„Piłem każdego dnia, a mimo to go pokonałem” – Ryan Garcia nie przestaje zaskakiwać!
W tym szaleństwie jest metoda!
Cały świat z niepokojem przyglądał się dziwacznym zachowaniom Ryana Garcii. Młodzian sprawiał wrażenie człowieka zagubionego we mgle. W przestrzeni publicznej nie brakowało głosów, że walka z Devinem Haney nie powinna mieć w ogóle miejsca.

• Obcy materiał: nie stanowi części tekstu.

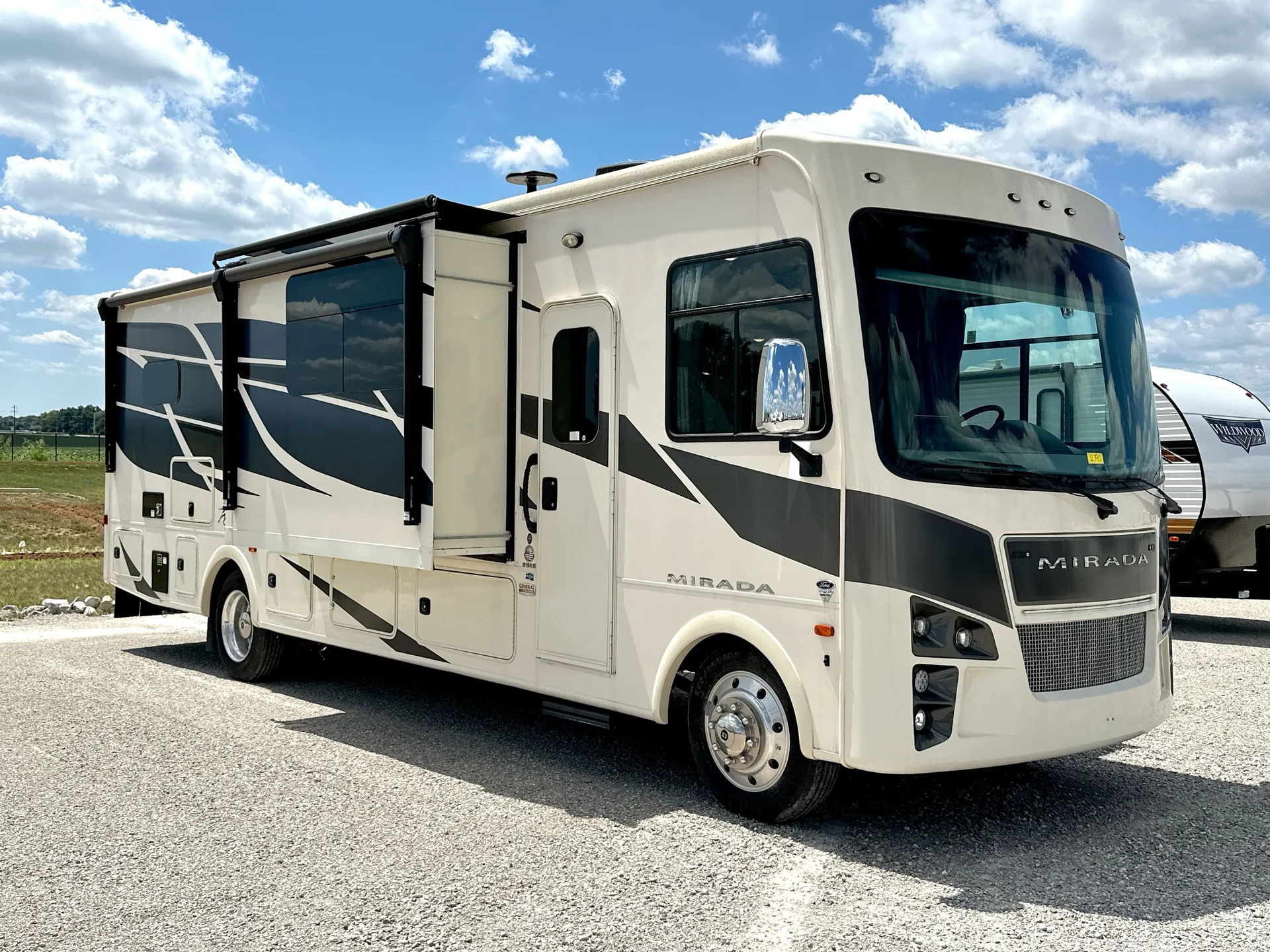 2022 Coachmen Mirada 315KS - Photo 2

Eksperci i bukmacherzy nie dawali mu większych szans, wieszcząc szybki nokaut na Amerykaninie. Jednak „King Ry” zaskoczył wszystkich, łącznie z Devinem Haney, który nie mógł poradzić sobie z niezwykłą eksplozywnością Ryana Garcii.
ZOBACZ TAKŻE: Ryan Garcia wielokrotnie posyłał na deski Devina Haneya i pokonał niepokonanego do tej pory rywala [WIDEO]
Haney z każdym przyjętym ciosem tracił wiarę w zwycięstwo. Choć sędzia ringowy robił, co mógł, żeby pomóc 25-latkowi, na nic to się zdało. Garcia wygrał większościową decyzją, zabierając zero z rekordu „The Dreama”. Mistrzem świata nie został, ale na to jeszcze przyjdzie pora.
Ryan Garcia niczym pijany mistrz!
Pomimo iż walka dobiegła końca, Garcia nawet na chwilę nie wyszedł ze swojej roli. Podczas konferencji prasowej po gali Ryan mówił… różne rzeczy. Zaczynając od festiwalu przechwałek i kończąc na opowieściach o tym, jak codziennie pił alkohol.
Piłem każdego dnia, a mimo to go pokonałem. Piłem każdej nocy. Nie jestem z tego dumny, ale to tylko pokazuje, że nie można ze mną zadzierać.
Czy Garcia mówi prawdę? Bóg raczy wiedzieć. Natomiast jest w tym coś niezwykłego.